According to the latest figures available, the other notable fundamental news from the US involved house prices; according to the Case-Shiller index, prices have risen by 9.1% year on year and 1.1% in November 2020. Incredible growth considering the USA is fast approaching 500K COVID-19 related deaths.

Microsoft shares jumped ahead of the earnings report scheduled for publication on Wednesday, January 27; the stock was up over 6% at the closing bell in New York. The NASDAQ 100 ended up by 0.86% and below the 13,600 level-handle. The SPX 500 and DJIA 30 closed out flat for the day.

Crude oil traded down -0.47% on the day, maintaining position just above the $52 a barrel handle. Precious metals traded in tight ranges, silver up 0.67% at $25.45 per ounce, with gold down -0.20% at $1851, both PMs trading just above the daily pivot points.
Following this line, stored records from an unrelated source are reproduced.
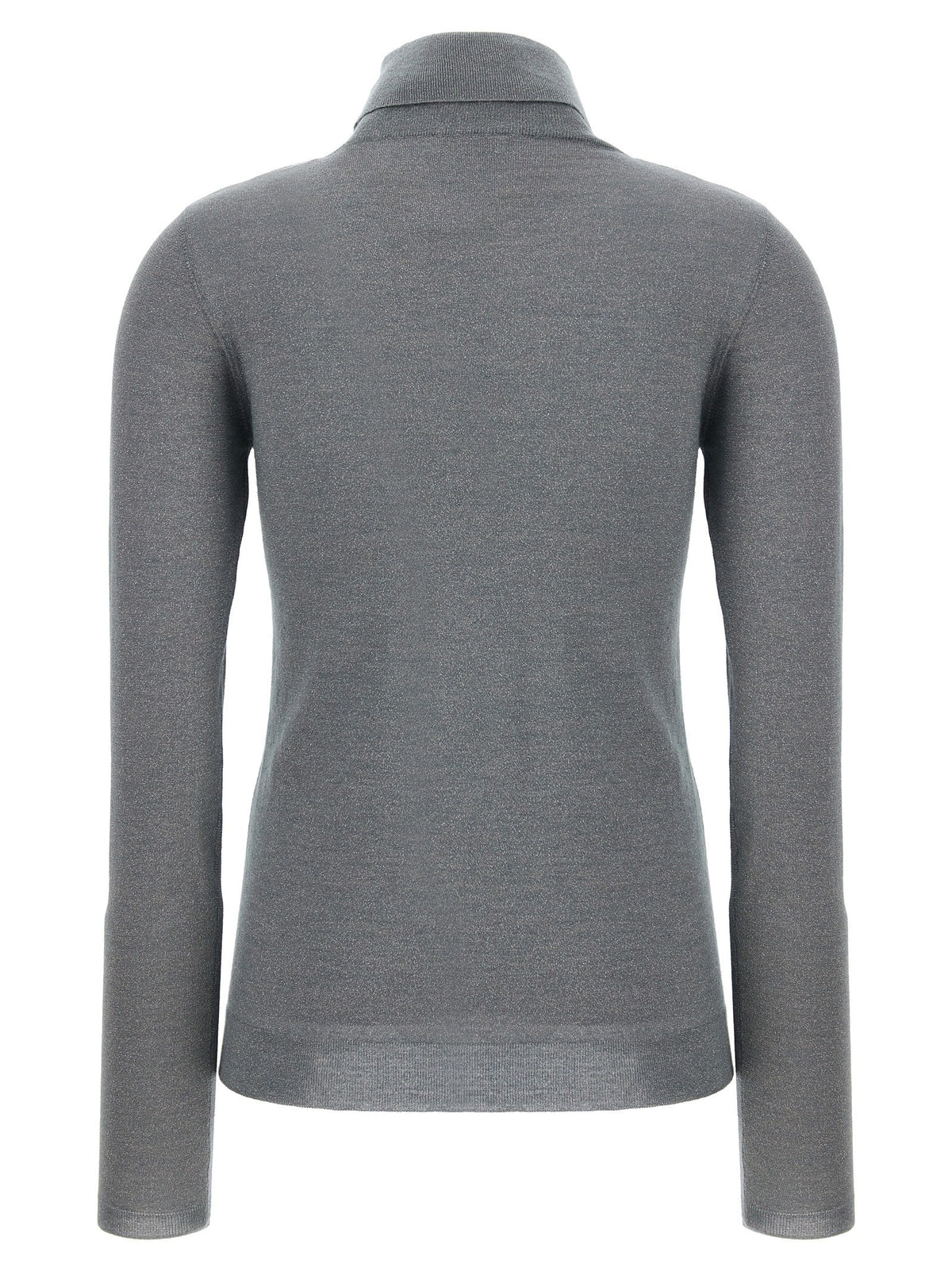 Brunello Cucinelli Sparkling Turtleneck Sweater Grey, view 2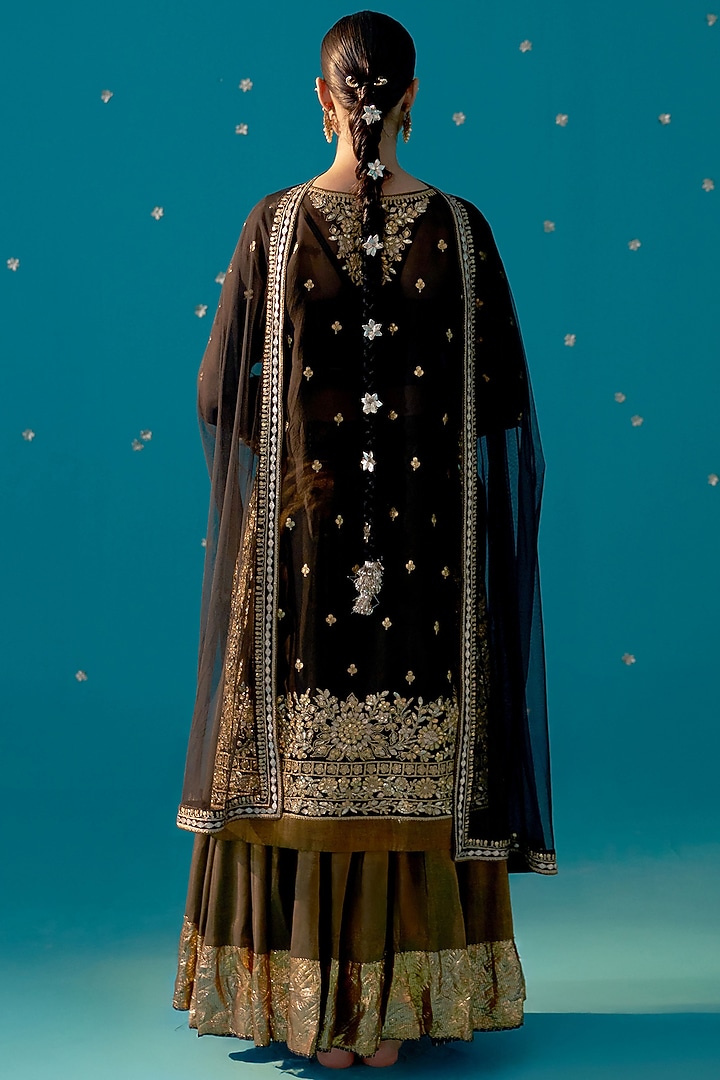 Black Tissue Wedding Sharara Set by JUGGNI at Pernia's Pop Up Shop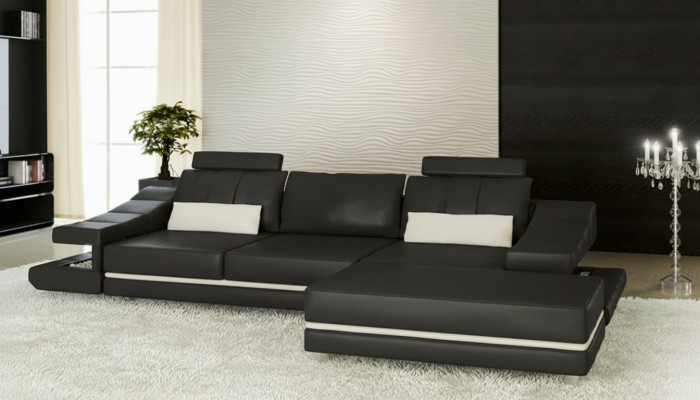 Nowoczesna luksusowa elegancka sofa Skóra 3 miejsce siedzące Stołek salon gabinet NOWOŚĆ art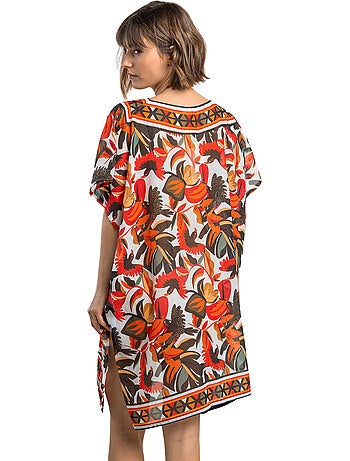 ADMAS Vestido Kaftan Manga Corta Multicolor Paradise para Mujer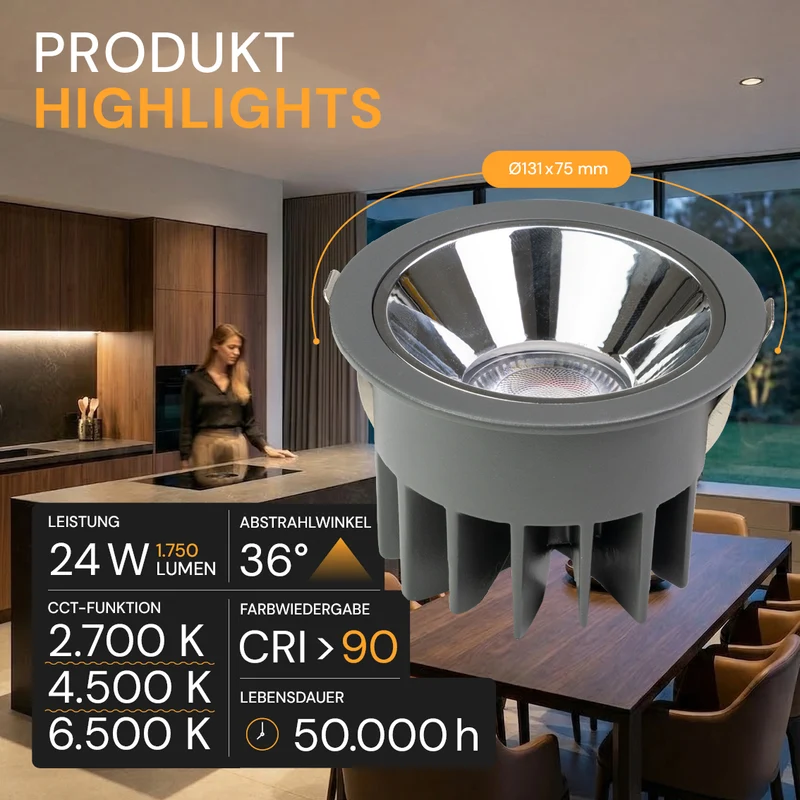 LED Einbauleuchte CCT Downlight, 1750 lm, 2700–6500 K, IP65, CRI90
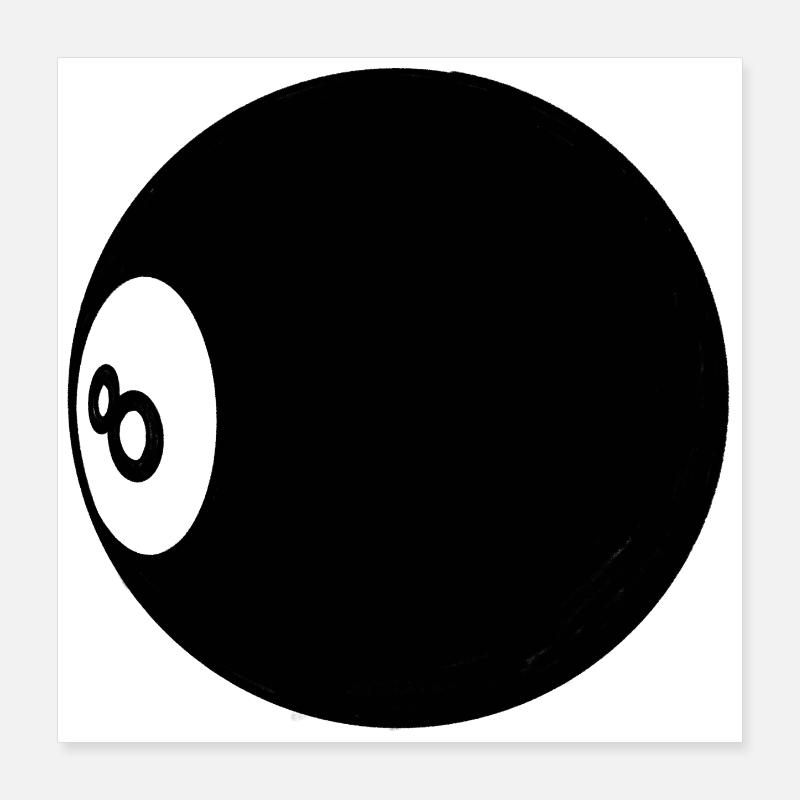 Billardkugel Nummer 8 Pool - Illustration Poster 40x40 cm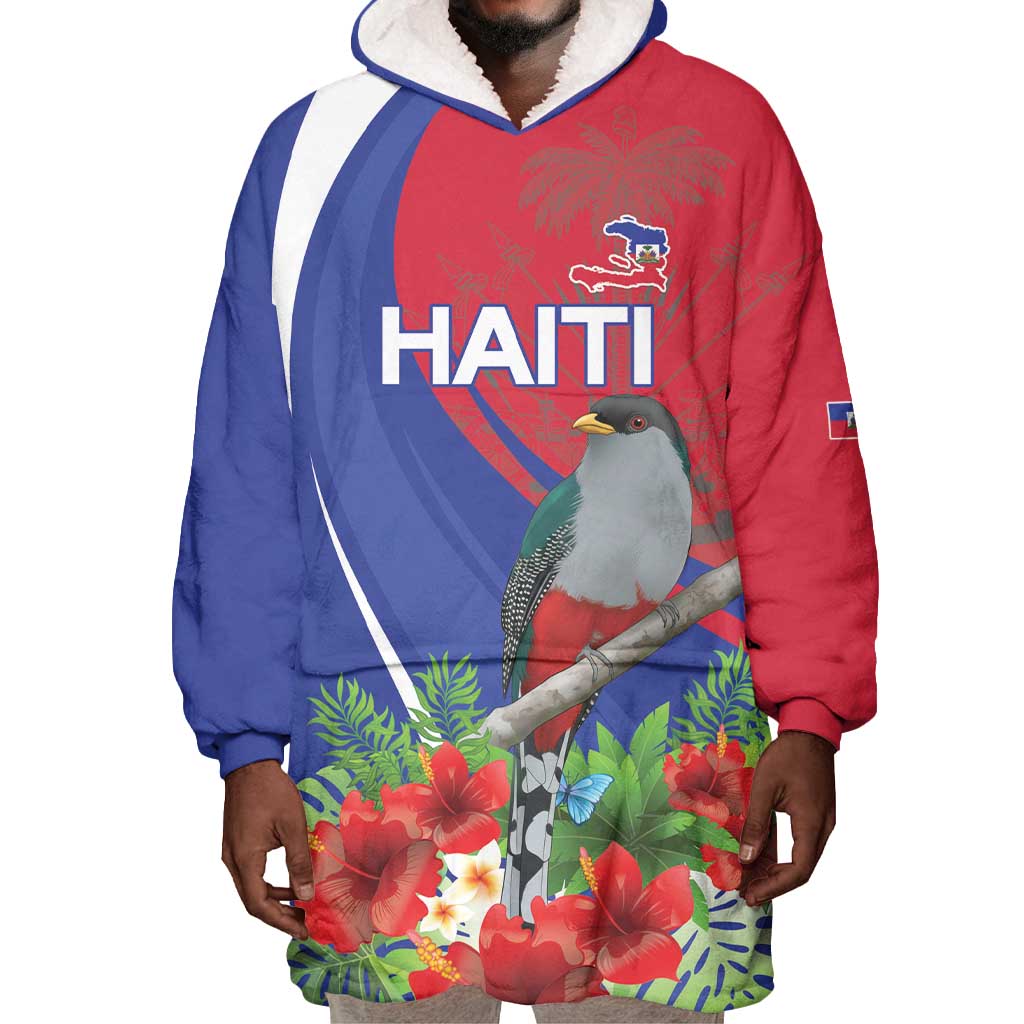Personalized Afro-Haitians Wearable Blanket Hoodie Hispaniolan Trogon Sporty Style - African Pride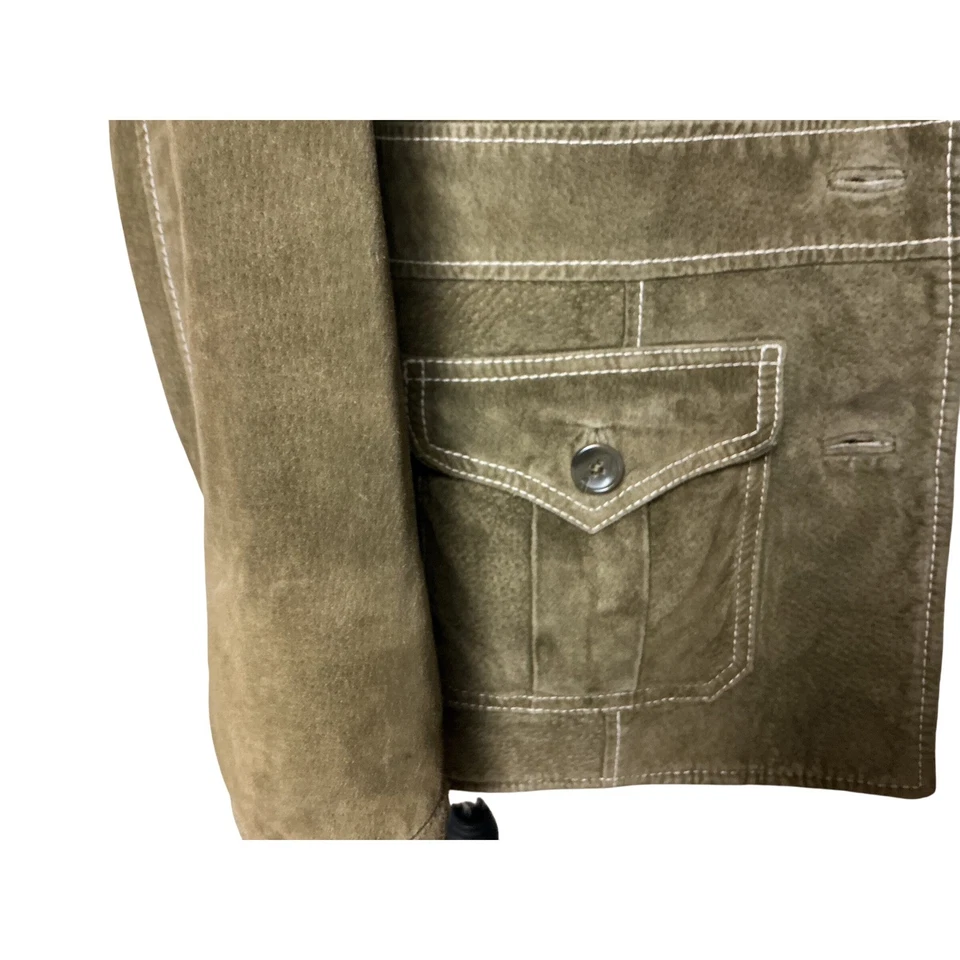 Chaqueta de gamuza de piel de oveja JLO by Jennifer Lopez para mujer talla 6 abrigo de piel sintética oliva Foto 4 de 4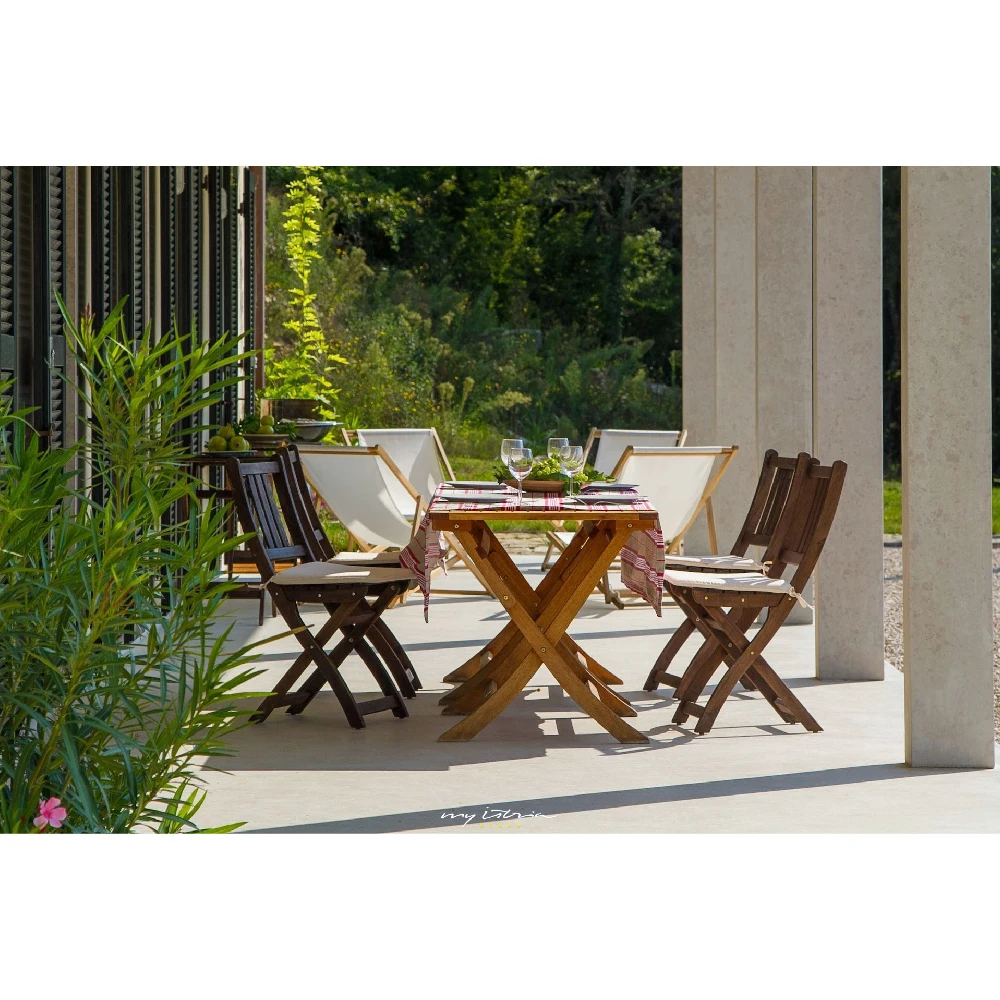 Set Acacia Wooden Bistro Table And Chair With Brown Color Outdoor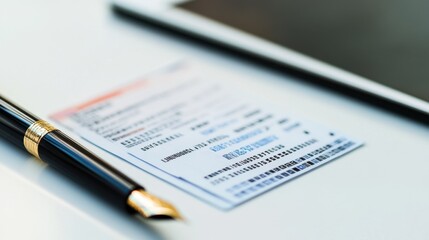 Lottery prize ticket on a clean desk with a tablet and an elegant fountain pen. Featuring success and ambition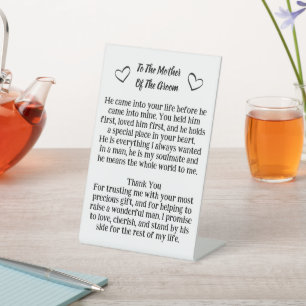 Mother Of The Groom Plaque Wedding Keepsake Gift Pedestal Sign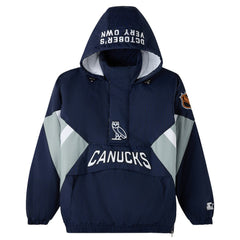 Vancouver Canucks OVO x Starter Half-Zip Hooded Jacket - Blue | US 202034621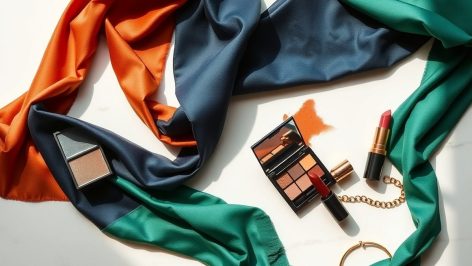Trois tissus colorés et des produits de maquillage assortis posés sur du marbre blanc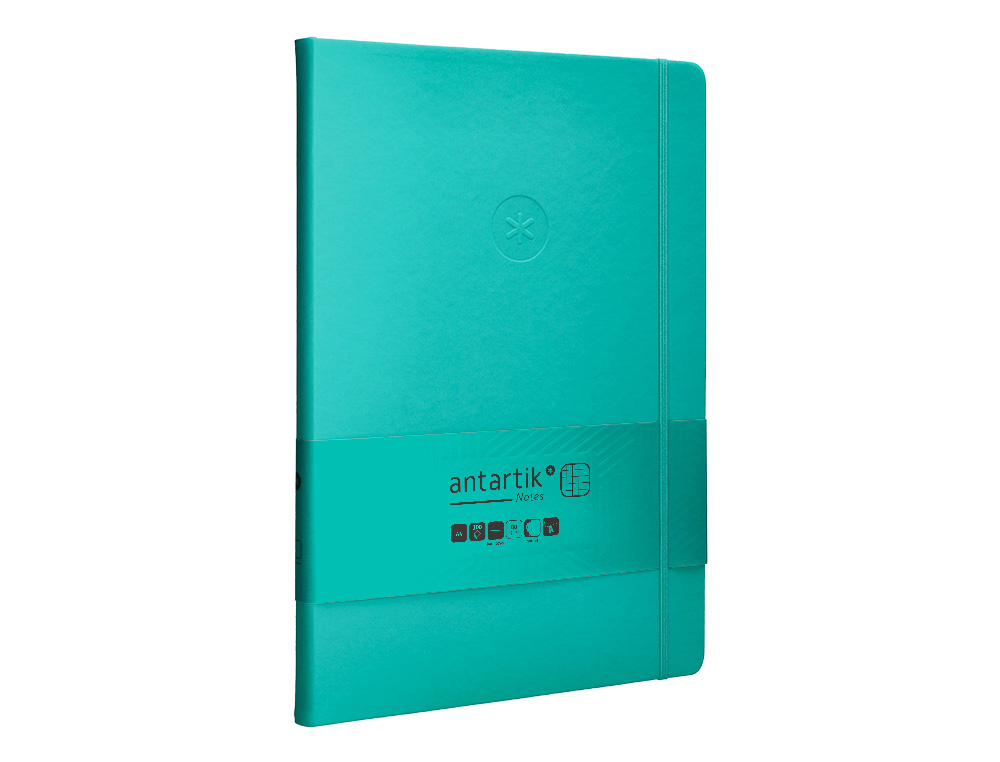 CADERNO COM ELASTICO ANTARTIK NOTES CAPA DURA A4 QUADRICULADO TURQUESA 100 FOLHAS 80 GR FSC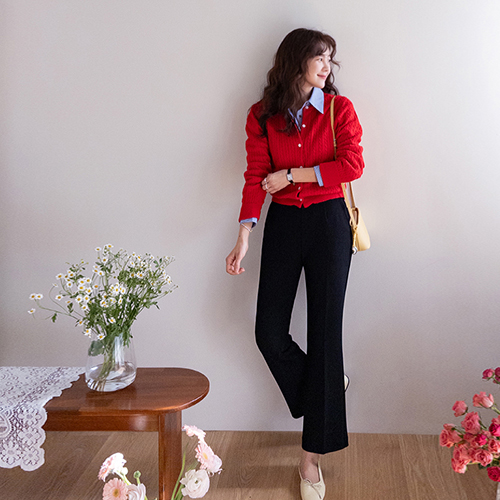 Puffin Basic Bom Bom Cable Cardigan [size: F(55~66)]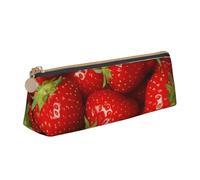 KemEng Fresa Dibujo, Estuche para lápices con Forma de triángulo, Estuche portátil de Cuero con Cremallera, Estuche para cosméticos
Calendar events to be aware of during Wednesday’s trading sessions

During Wednesday’s sessions, the main focus concerns the Federal Reserve in the USA. The central bank will announce its latest interest rate decision, and there’s no expectation for the rate to get changed from 0.25%.

Investors and traders will focus on the Fed Chair Jerome Powell when he chairs a press conference after the decision gets announced.

Analysts will listen to Mr Powell for any forward guidance clues to establish if the Fed is committed to maintaining its current ultra-loose accommodative monetary policy. Any change could impact on the value of USD.

Durable goods orders in the US will also get published before the New York session opens. The forecast is for December’s metric to come in at 0.8% for November. Oil traders should watch out for the latest crude oil stock change during the day, as falling stockpiles could positively affect the price of a barrel of oil.